Christ is not a random victim pulled from a crowd.  Christ is God.  God who has come for us.  God who was born for us.  God who is like us and for us—this is God who is made a victim.  But God nails that status of “victim” to the cross, and there it dies.  God shows the power of love to re-shape, to re-new, to re-invigorate, and to re-birth.

Palm Sunday does not end on a high note.  It appears to end in defeat, in loneliness, and in death.  But that’s not where it ends.  And that’s not where life ends for us, either—this day or any day.

In the words and images of St. Paul, God takes what was enslaved, and sets it free. God takes what was humble, and lifts it up. God raises up, brings to himself, and exalts all those who claim the love and power of Jesus Christ.  We all are raised up into the place where, “every knee should bend, in heaven and on earth and under the earth, and every tongue should confess that Jesus Christ is Lord, to the glory of God the Father.”
It’s tempting to race through any kind of painful time.  It’s tempting to fill the lonely places with something, anything, anyone.  But something else entirely happens if we’re able to pause, even in the painful places.  Christopher Morley has written that “April prepares her green traffic light and the world thinks Go.”  And it does feel that way some times.  But this Holy Week invites us to stop.  It invites us to pause by the Cross (whether it is the cross we endure, or the cross carried by someone else, or the cross of Christ) and to ponder what it means that God chose death on a cross to unleash the power of resurrection.  What word of hope is there for those who suffer today?  What word of hope might there be for us?
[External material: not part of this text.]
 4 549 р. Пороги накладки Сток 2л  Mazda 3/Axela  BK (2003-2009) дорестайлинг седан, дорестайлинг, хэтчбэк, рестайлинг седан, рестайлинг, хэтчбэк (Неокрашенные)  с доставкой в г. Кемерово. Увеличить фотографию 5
The liturgies of Holy Week give us various opportunities to slow down, to set aside the calendar and the “to do” list. We can put on hold the endless list of “should’s.” Instead, we are invited to worship. We are asked to watch, to wait, to pray, to adore, that we might claim the power of our baptism, that we have died with Christ, and that through him, we are raised to new life.

May this Holy Week bring the blessing of God’s deep and abiding presence.  And in that presence, may we find the hope of eternal life.
In the name of the Father and of the Son and of the Holy Spirit. Amen.